THE PROBLEM
Reproduce the opening lines of the records exactly, up to and including the line in which "Tay Chơi Thần Cấp Chapter 41 - 32" occurs.

[Stored items]
※

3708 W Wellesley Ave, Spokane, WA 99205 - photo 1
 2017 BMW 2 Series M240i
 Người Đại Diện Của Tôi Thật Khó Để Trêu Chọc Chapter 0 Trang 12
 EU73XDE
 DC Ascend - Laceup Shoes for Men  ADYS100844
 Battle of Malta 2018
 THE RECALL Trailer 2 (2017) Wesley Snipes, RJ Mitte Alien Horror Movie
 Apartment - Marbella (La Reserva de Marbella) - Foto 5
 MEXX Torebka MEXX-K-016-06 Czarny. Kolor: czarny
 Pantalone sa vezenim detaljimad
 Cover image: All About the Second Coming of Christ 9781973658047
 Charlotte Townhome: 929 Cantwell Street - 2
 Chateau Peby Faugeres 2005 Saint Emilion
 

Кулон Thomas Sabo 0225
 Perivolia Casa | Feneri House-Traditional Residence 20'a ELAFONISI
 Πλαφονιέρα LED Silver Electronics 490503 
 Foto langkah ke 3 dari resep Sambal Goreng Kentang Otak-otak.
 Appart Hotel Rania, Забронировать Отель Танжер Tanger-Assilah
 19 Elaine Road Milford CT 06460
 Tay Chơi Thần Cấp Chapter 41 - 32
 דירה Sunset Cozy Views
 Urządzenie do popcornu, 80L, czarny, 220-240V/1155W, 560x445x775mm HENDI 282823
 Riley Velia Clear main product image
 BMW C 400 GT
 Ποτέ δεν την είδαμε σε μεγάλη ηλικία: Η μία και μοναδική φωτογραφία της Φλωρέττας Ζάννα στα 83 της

※

RESPONSE
3708 W Wellesley Ave, Spokane, WA 99205 - photo 1
 2017 BMW 2 Series M240i
 Người Đại Diện Của Tôi Thật Khó Để Trêu Chọc Chapter 0 Trang 12
 EU73XDE
 DC Ascend - Laceup Shoes for Men  ADYS100844
 Battle of Malta 2018
 THE RECALL Trailer 2 (2017) Wesley Snipes, RJ Mitte Alien Horror Movie
 Apartment - Marbella (La Reserva de Marbella) - Foto 5
 MEXX Torebka MEXX-K-016-06 Czarny. Kolor: czarny
 Pantalone sa vezenim detaljimad
 Cover image: All About the Second Coming of Christ 9781973658047
 Charlotte Townhome: 929 Cantwell Street - 2
 Chateau Peby Faugeres 2005 Saint Emilion
 

Кулон Thomas Sabo 0225
 Perivolia Casa | Feneri House-Traditional Residence 20'a ELAFONISI
 Πλαφονιέρα LED Silver Electronics 490503 
 Foto langkah ke 3 dari resep Sambal Goreng Kentang Otak-otak.
 Appart Hotel Rania, Забронировать Отель Танжер Tanger-Assilah
 19 Elaine Road Milford CT 06460
 Tay Chơi Thần Cấp Chapter 41 - 32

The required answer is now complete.